1 Jn 1, 1-4; Jn 20, 2-8
Desde siempre, la Iglesia posee la firme convicción de que quienes padecen la muerte por razón de la fe, sin haber recibido el Bautismo, son bautizados por su muerte con Cristo y por Cristo. Este Bautismo de sangre como el deseo del Bautismo, produce los frutos del Bautismo sin ser sacramento.
A los cuarenta días de haber nacido, María y José llevaron a Jesús al Templo para presentarlo al Señor. En esta ocasión Simeón les dijo: “Éste está puesto para caída y elevación de muchos en Israel, y para ser señal de contradicción” – y dirigiéndose a María-: “¡y a ti misma una espada te atravesará el alma!”
Esta profecía, pronto se iba cumpliendo, aquí en particular, por las circunstancias que motivaron la huida de la Sagrada Familia a Egipto. En el corazón de Herodes se habían despertado recelos contra su nuevo contrincante. Es verdad, Jesucristo era un Rey, y vino para reinar. Sin embargo, su estilo de reinar iba a ser muy diferente: vino a reinar sirviendo.
Pero no hubo tiempo para darle explicaciones a Herodes. San José actuó como hubiese actuado todo buen padre de familia: sin vacilar llevó a los suyos hacia un lugar donde estaban seguros. Y ahí los iba manteniendo, cosa que no era fácil, porque todo refugiado suele ser despreciado.
Por otra parte, el corazón de María sufrió una de las primeras heridas que la espada profetizada le iba a deparar. Le debió de haber dolido profundamente este rechazo y esta enemistad a muerte, que desde el inicio se habían desatado en su propio pueblo contra su Hijo divino. Al conocer después el hecho de la matanza de los inocentes Ella habrá ofrecido sus purísimas lágrimas a Dios en reparación por tan grande ofensa. Amor y dolor siempre estaban muy unidos en la vida de María.

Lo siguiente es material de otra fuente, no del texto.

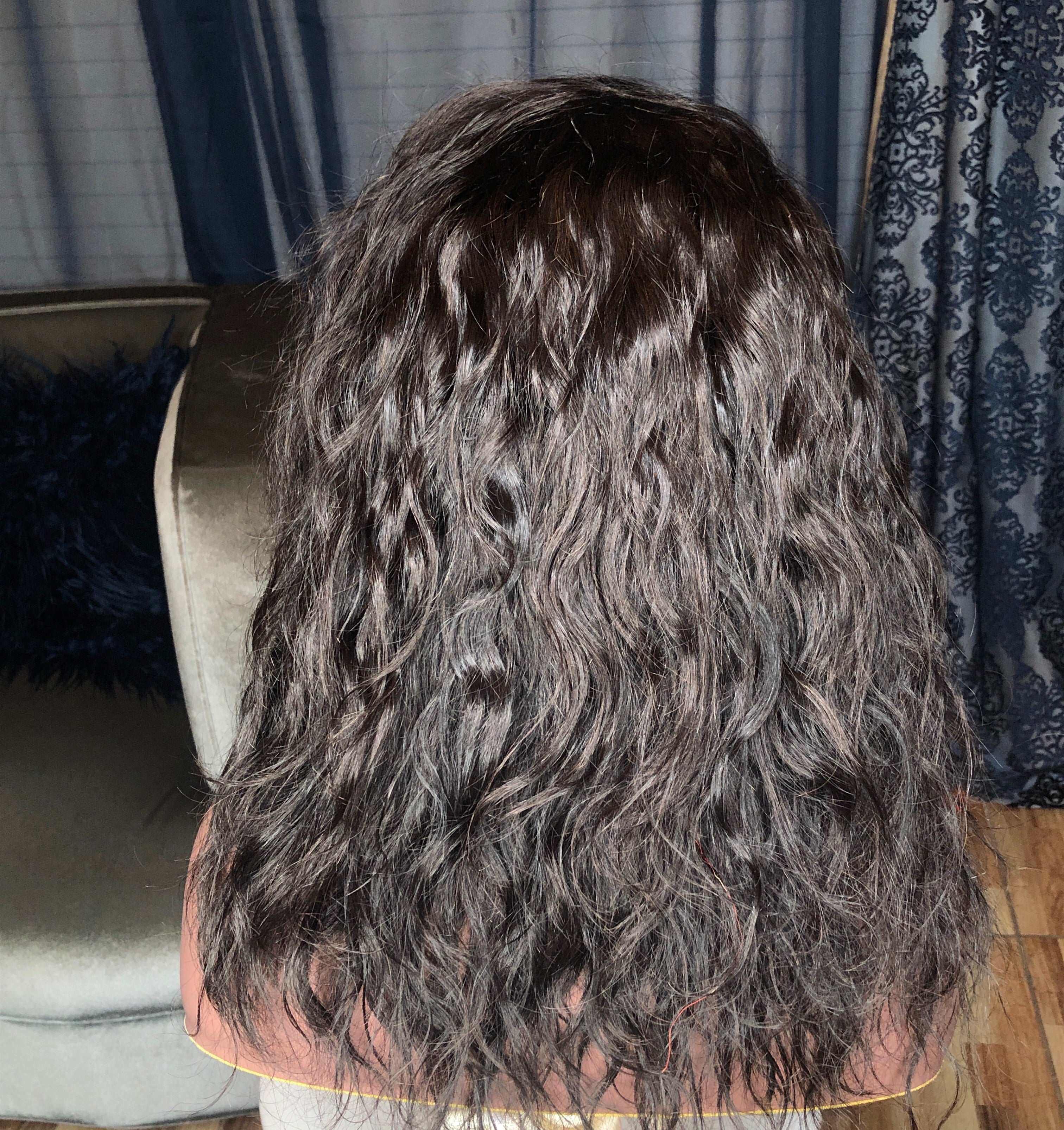 Natural Nat Lace Front Body Wave 250 Density Women's Wig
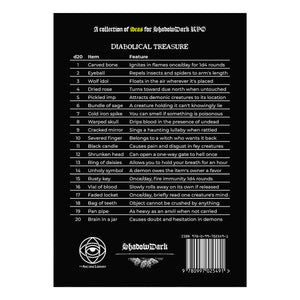 Cursed Scroll Zine, Vol. 1: Diablerie! PDF (Shadowdark RPG)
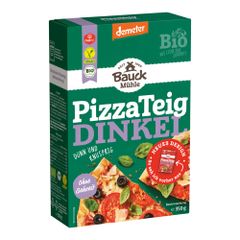 Bio Pizzateig Dinkel 350g - 6er Vorteilspack von Bauck Mühle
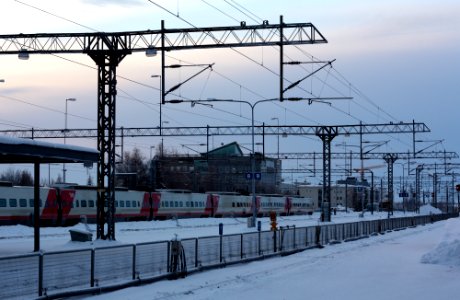 Oulu railway station 20110116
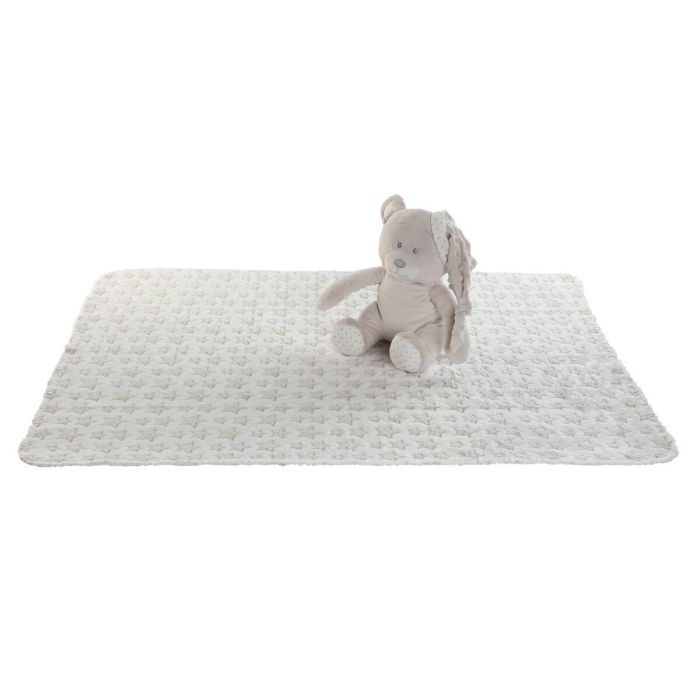 Peluche Manta Baby DKD Home Decor Rosa Azul 20 x 28 x 21 cm Set de 2 (3 Unidades) 2 Peluche Manta Baby DKD Home Decor Rosa Azul 20 x 28 x 21 cm Set de 2 (3 Unidades) 2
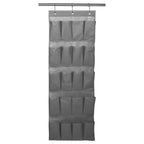 Space Logic 20 Pocket Over Door Organiser Urban Grey image 2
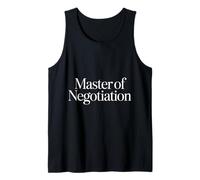 Master of Negotiation Persuasive Skills Deal - Camiseta sin Mangas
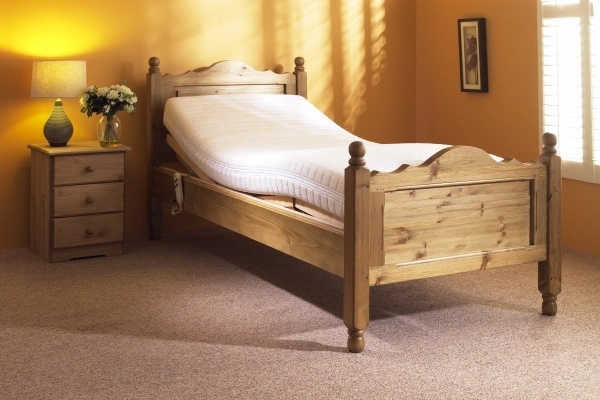 Barden 3ft Single Adjustable Bed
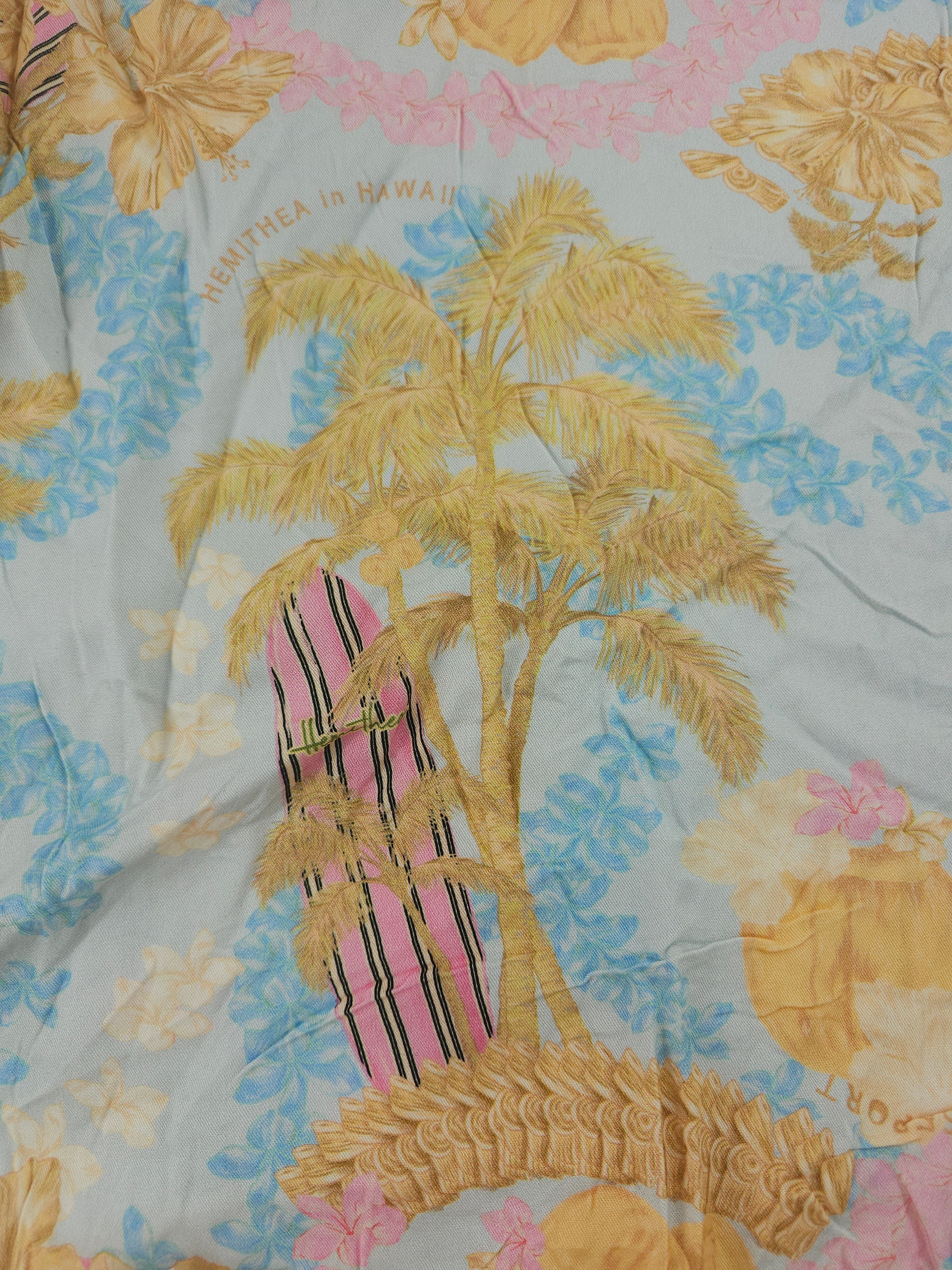 Surfs up Viscose- 1.5m piece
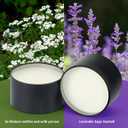 Plant Based All Natural Wax Melts, Strong Fragrance, Long Lasting Premium Soy Scented Melts Cubes, Wax Melts Tarts for Tree Candle Warmer Lamp (Lavender & Yarrow Candle)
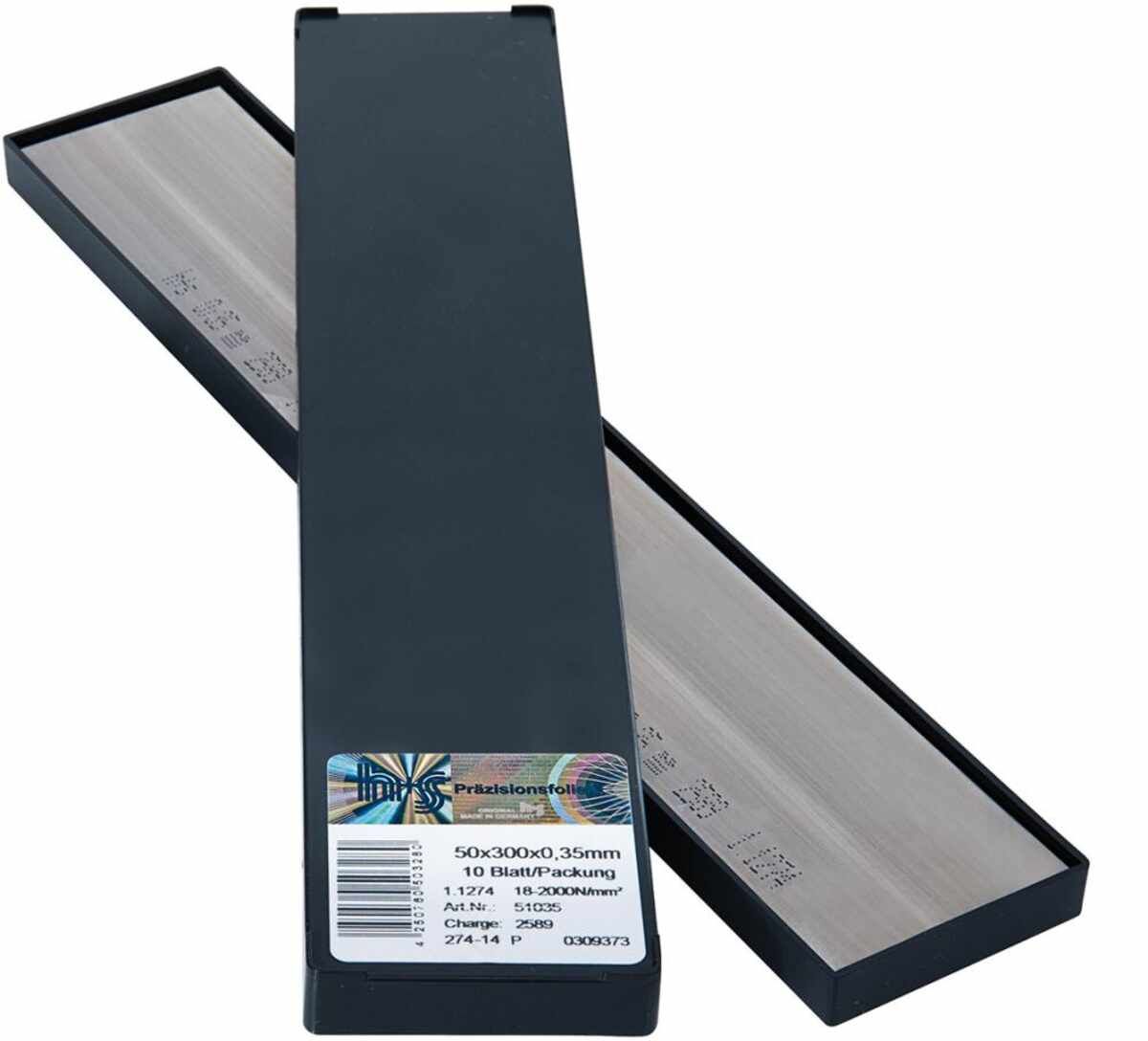 Metallfolien Plattenware 50x300x0,50 mm 10Bl/P H+S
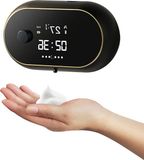 Ruiqas Distributeur de mousse désinfectante automatique à monter au mur - Rechargeable - Sans contact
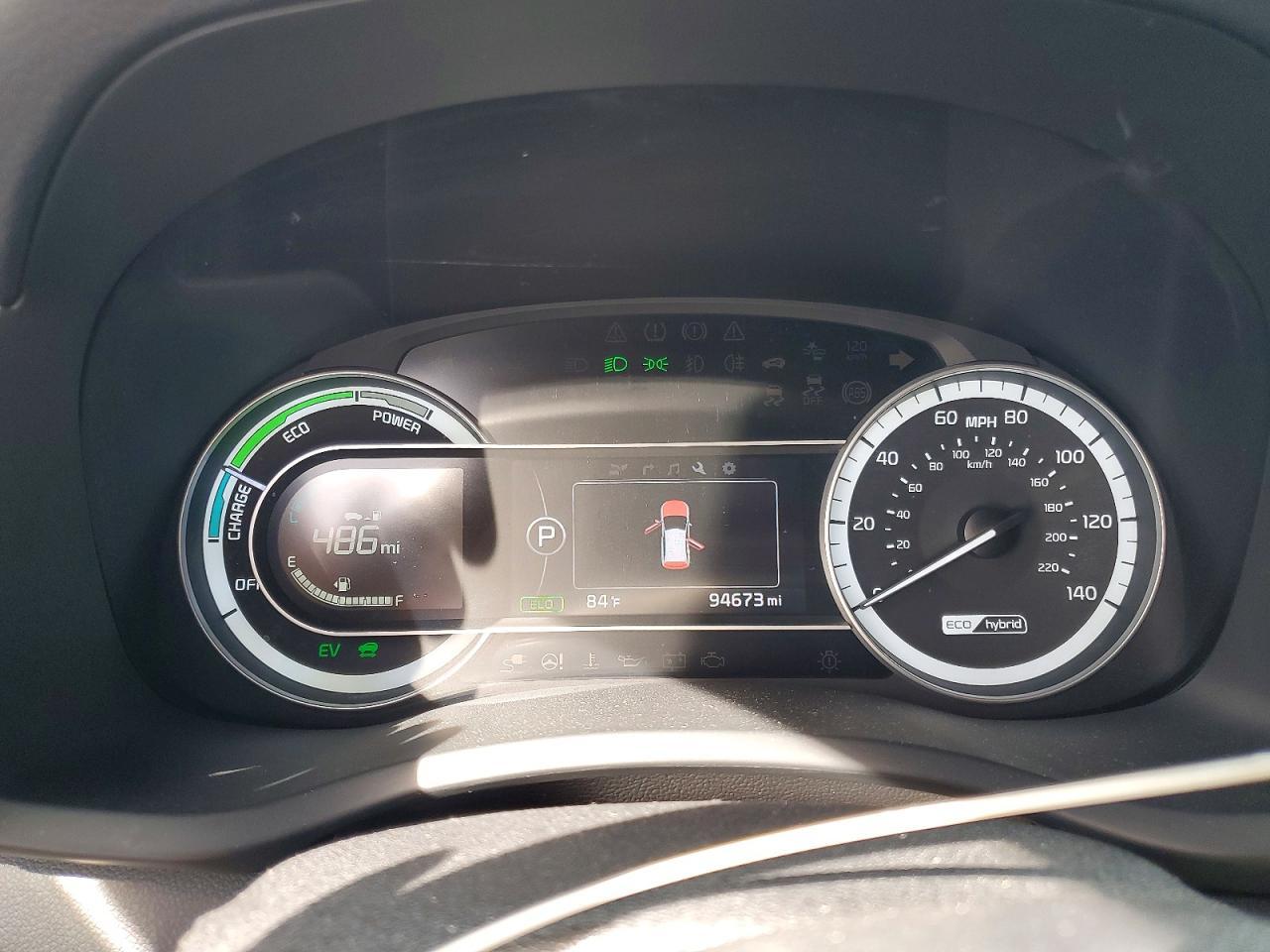 2019 Kia Niro S Touring - zdjęcie 9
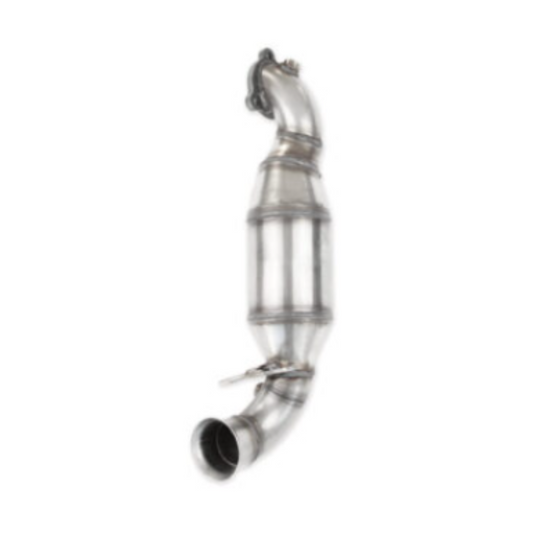 Tubo sostituzione catalizzatore serie RS Inoxcar Citroen DS3 1.6 turbo racing (207 CV) 2011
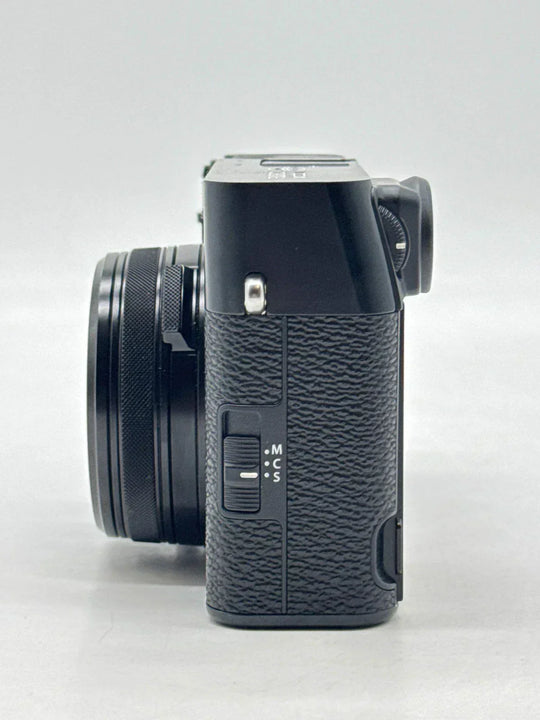 Fujifilm X100VI 40.2MP 6.2K Digital Camera Black with Accessories - New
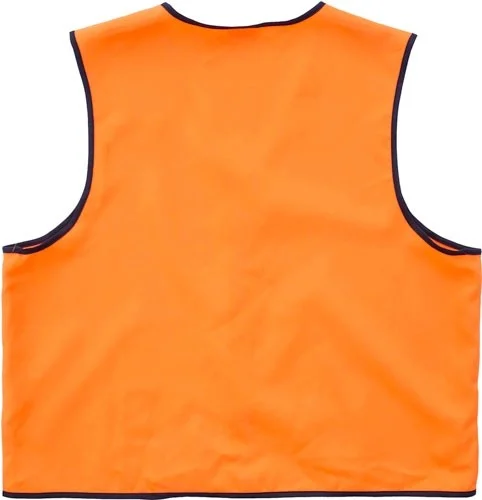 ALLEN DELUXE HUNTING VEST - ORANGE 2XL 2 FRONT POCKETS - Image 2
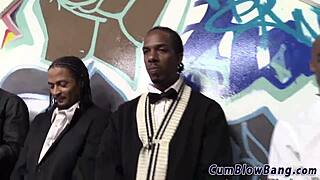 petite teen sucks bbcs?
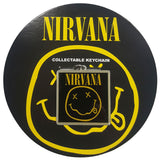 Nirvana: Smiley Keychain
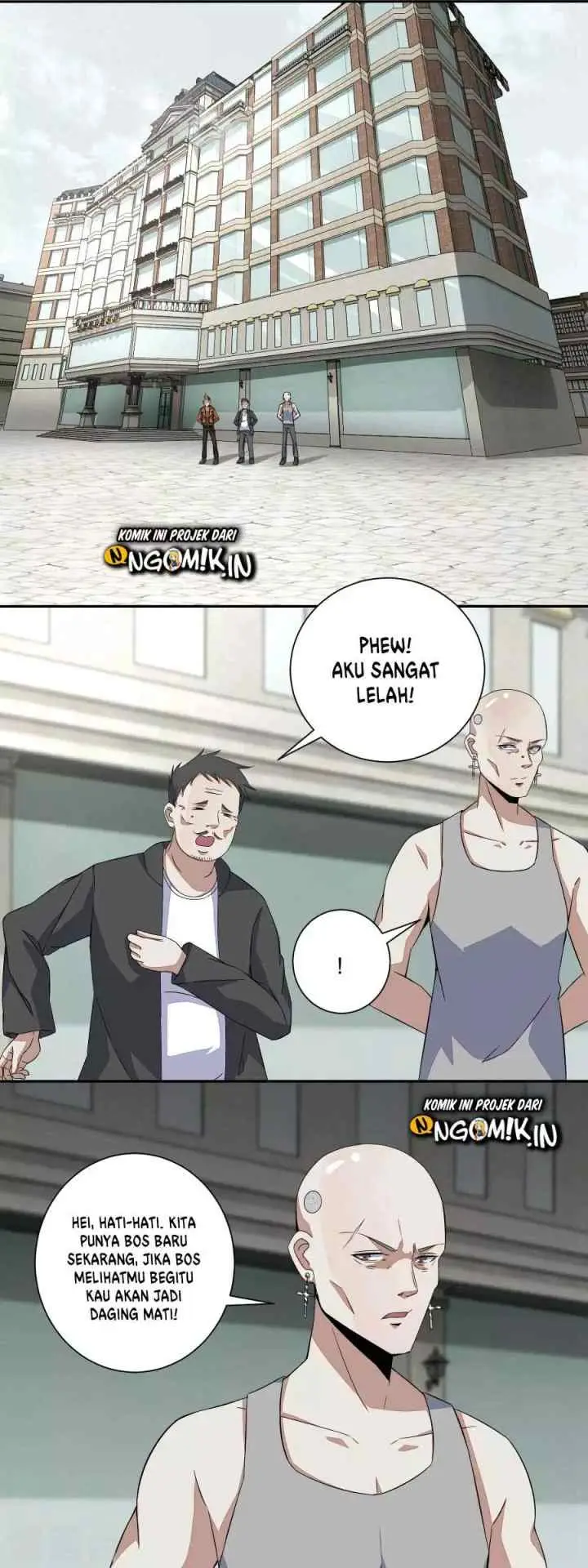 King of Apocalypse chapter 45 halaman 10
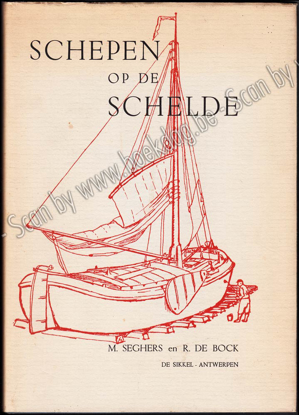 Picture of Schepen op de Schelde. Binnenvaartuigen en vissersschepen op de Schelde omstreeks 1900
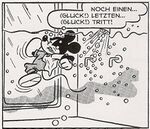 Micky geht es an den Kragen …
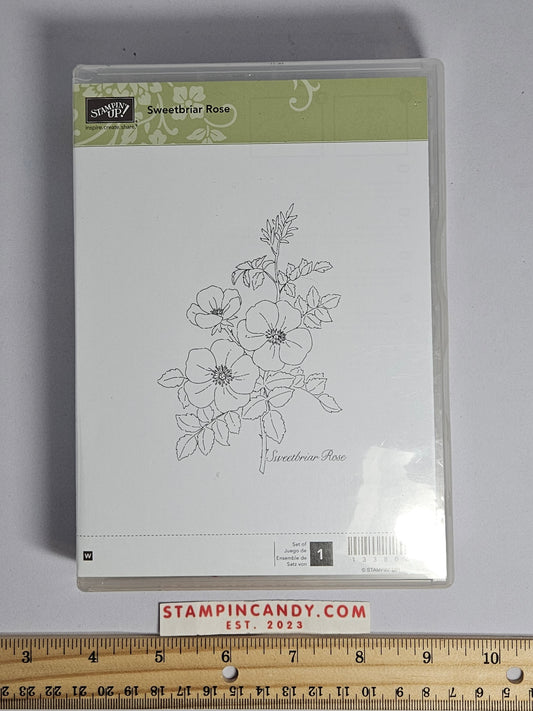 Stampin Up - Sweetbriar Rose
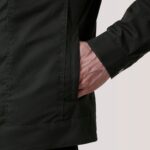 Colberto Olive Waxed Canvas Trucker Jacket 6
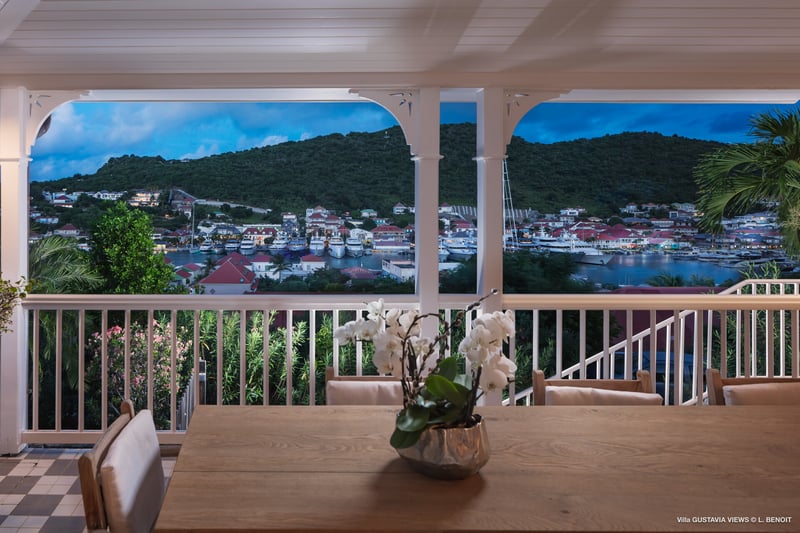 Gustavia Views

Siempre ha habido en el mundo todo género de tiranos, que utilizan su poder para oprimir a los pobres, a los sencillos, a los humildes e indefensos. Pero Dios siempre está atento –aunque de una manera misteriosa—para intervenir a favor de su pueblo, constituido por los pobres de espíritu.
Ninguna persona está tan indefensa como un niño. Cuando los israelitas vivían en el cautiverio de Egipto, el faraón ordenó que todos los niños varones que nacieran, fueran asesinados. Y a pesar de aquellas órdenes de asesinato en masa, sobrevivió un héroe, rescatado por la providencia de Dios. Era Moisés, el salvador de su pueblo. Herodes, por su parte, decretó que todos los niños varones de dos años para abajo fueran asesinados. De esta infame matanza se libró el niño Jesús, nuestro Salvador.
Especialmente en esta fiesta de los Santos Inocentes, hemos de pensar en los niños no nacidos, totalmente indefensos, que son víctimas del aborto.